私は9ヶ月間の留学を経て学んだことが3つあります。

1つ目は、英語母語話者であるイギリス人が話す英語についてです。まず、英語母語話者であるイギリス人の友達が話す英語について、最初は聞き取ることが非常に困難でした。日本では小学校の頃からアメリカ英語に慣れ親しんでいるために、留学前にYouTubeやNetflix等を通じてイギリス英語に多く触れ準備をしてきたつもりでしたが、生のイギリス英語に圧倒されました。

イギリスの様々な地方から人が大学に集まるため、それぞれ違うアクセントを持っており、映画やドラマで耳にするようなイギリス英語はなかなか聞く機会がありませんでした。表現においても、イギリス特有の表現をいくつも学ぶことができました。

特に、大学に到着したその日に現地の友達からいきなりcheersと言われ、私は「乾杯?なんでいきなり?」と思いながらも歓迎してくれてるのだと考え、持っていたボトルを相手に向けてcheersと返したところ、相手はボトルの蓋を開けてくれるという理解のできない状況が生まれました。

後にその友達からcheersはthank youという意味だと教えてもらいました。また、彼は僕がボトルを開けられないのかと思い蓋をあけてくれたそうです。

このような表現や独特な言い回しは、日本で勉強をしていた時に知らないものが数多くあったため、現地で生活をしたからこその発見や学びが得られるのだと改めて実感しました。

英語教育の違い

2つ目は、英語教育についてです。

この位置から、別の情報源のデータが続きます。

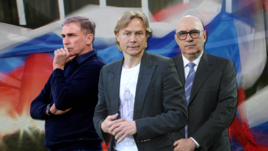 Кунц, Карпин, Бердыев. Колонка Казакова — о новом тренере сборной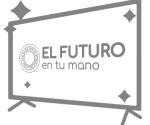 elfuturoentumanotvdirectogris Logotipo La Noche De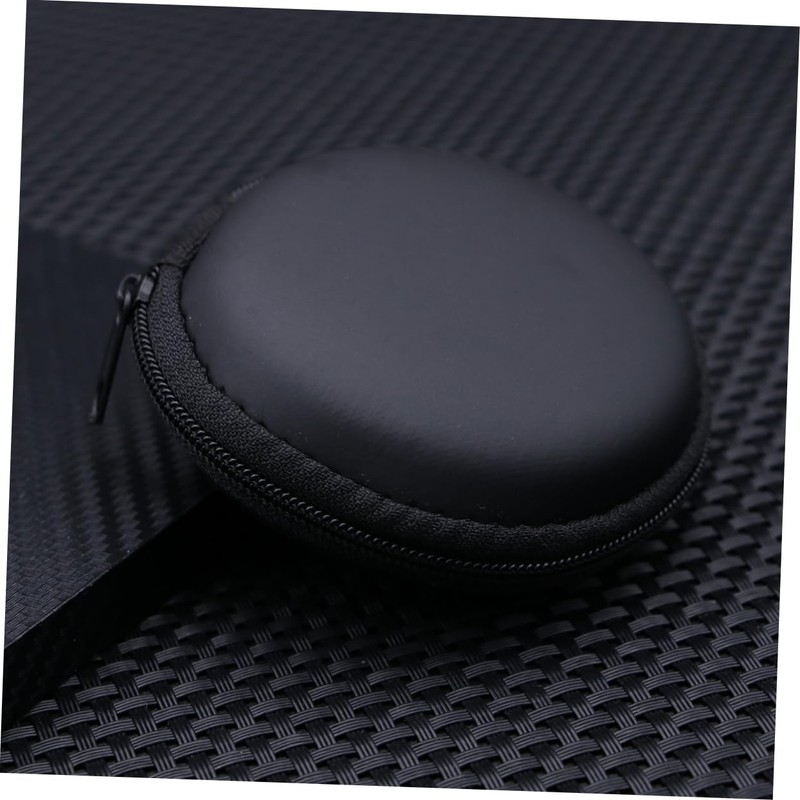 OSALADI Portable Hard Carrying Case for Earphones and Data Cables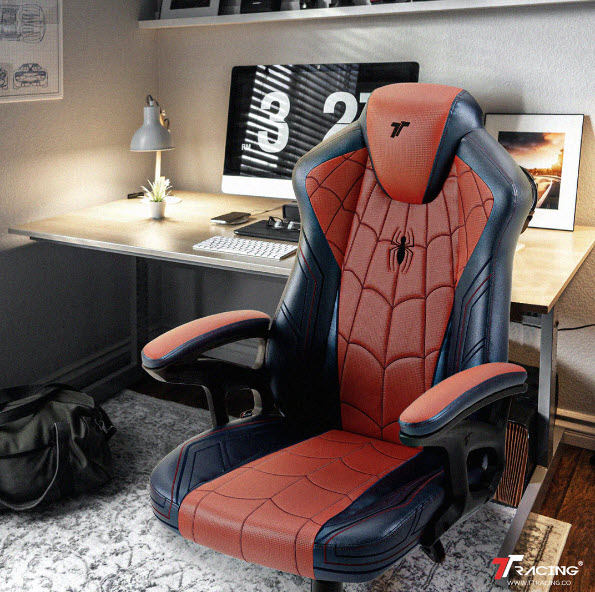 TTRacing Duo V4 & Duo V4 Pro Spider-Man Edition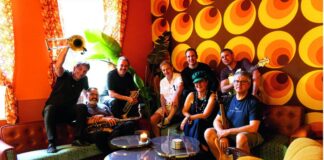 Spice Infusion & The Silverhorns Spice Infusion & The Silverhorns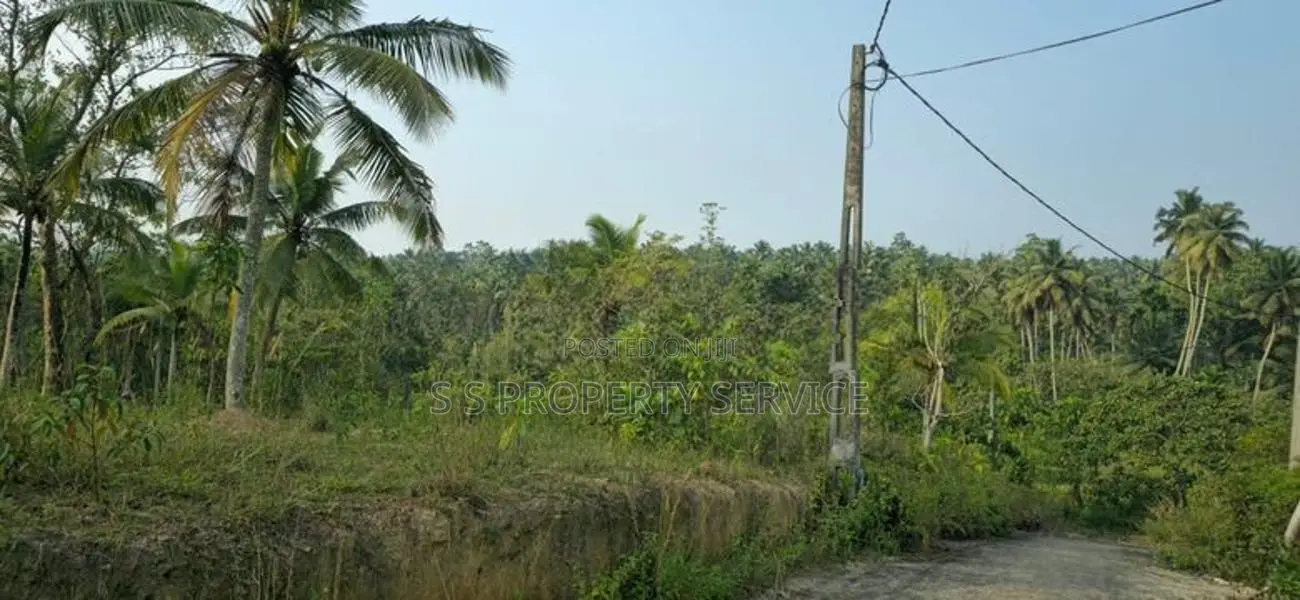 Land For Sale in Baddegama(SSPL-441)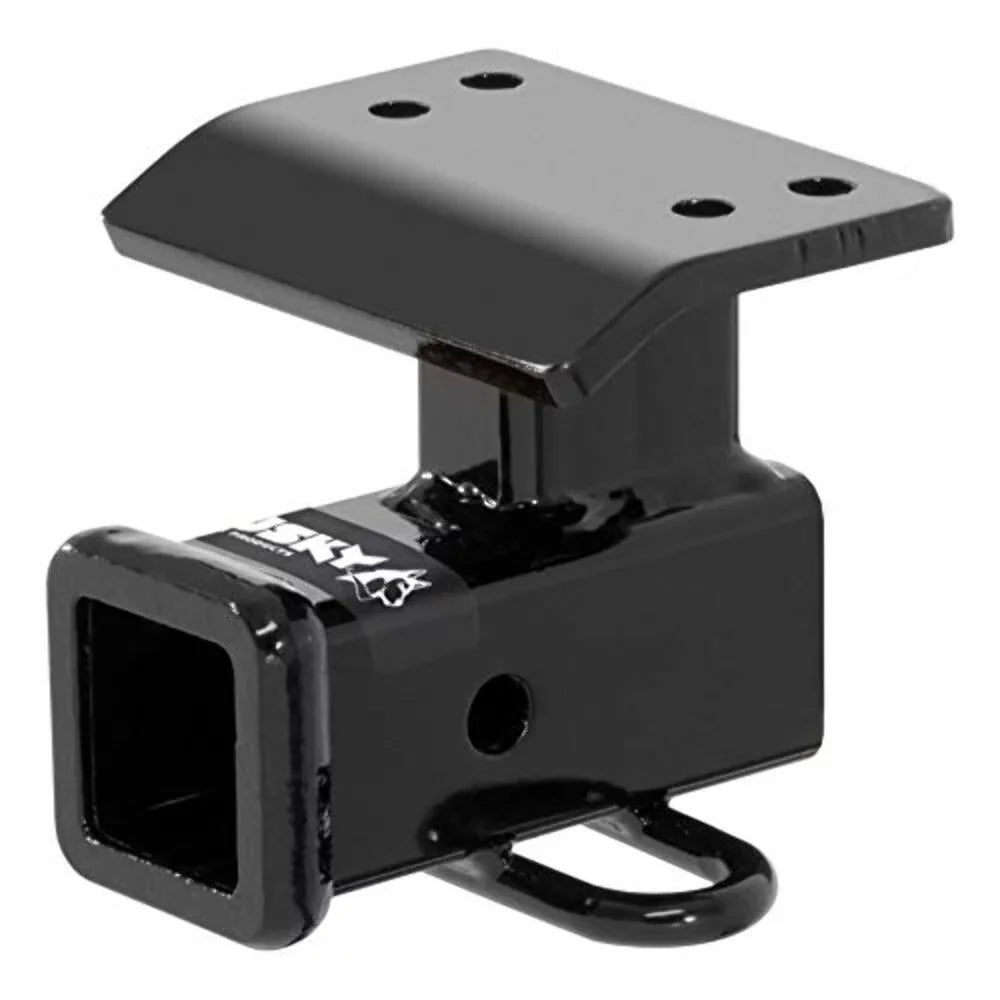 Class Towing Hitch, 69591C Husky III 2" Trailer Receiver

やはり、留学の最初の壁は会話のスピードについていけないことでした。私が苦戦してる中、他の国の友達は英語母語話者でないにもかかわらず、私よりもはるかに会話が上手でした。そこで、彼らにどのように英語を学んできたか尋ねると、授業では圧倒的に会話することがメインだと教えてくれました。

また、彼らのほとんどは「文法も学ぶけど会話の時にほとんど気にしてない」と言っていました。英語の教師になるために勉強しているイギリス人の友達は「もちろん文法も教えるけど、それにすごくこだわるわけではなく、むしろ語彙や実際にどのような場面、状況でどのように使うかの方が大事だと思う。英語は会話するための手段だから」と教えてくれました。

このように他の国の英語教育でも実践的な英会話を大切にしているため、現在日本でもコミュニケーション場面が英語教育において重要なポイントとなることを実感しました。

外国人から見た日本の印象

3つ目は日本に対する印象についてです。私はキール大学でできた友達に日本に対するイメージを尋ねたところ、日本ほど魅力的な国はない、日本食を食べたい、日本の文化を肌で感じてみたい、寺や神社に行ってみたい、というようなポジティブな印象を持っていて、お金があったら絶対に行きたいと答えてくれました。

キール大学

それと同時に、AIやロボットを駆使したものすごく近未来な国だと想像している人や、日本人は働き過ぎているというような印象を持つ人もいました。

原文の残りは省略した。